Work instructions - Each entry that follows should be retyped in full and exactly.
Top of Data for analysis
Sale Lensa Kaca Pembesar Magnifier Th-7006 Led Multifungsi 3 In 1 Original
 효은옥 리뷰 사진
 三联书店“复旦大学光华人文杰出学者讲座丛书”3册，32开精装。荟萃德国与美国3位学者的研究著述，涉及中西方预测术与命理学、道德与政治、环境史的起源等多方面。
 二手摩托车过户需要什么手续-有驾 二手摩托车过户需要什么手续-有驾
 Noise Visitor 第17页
Bottom of Data for analysis
Answer for this exercise -
Sale Lensa Kaca Pembesar Magnifier Th-7006 Led Multifungsi 3 In 1 Original
 효은옥 리뷰 사진
 三联书店“复旦大学光华人文杰出学者讲座丛书”3册，32开精装。荟萃德国与美国3位学者的研究著述，涉及中西方预测术与命理学、道德与政治、环境史的起源等多方面。
 二手摩托车过户需要什么手续-有驾 二手摩托车过户需要什么手续-有驾
 Noise Visitor 第17页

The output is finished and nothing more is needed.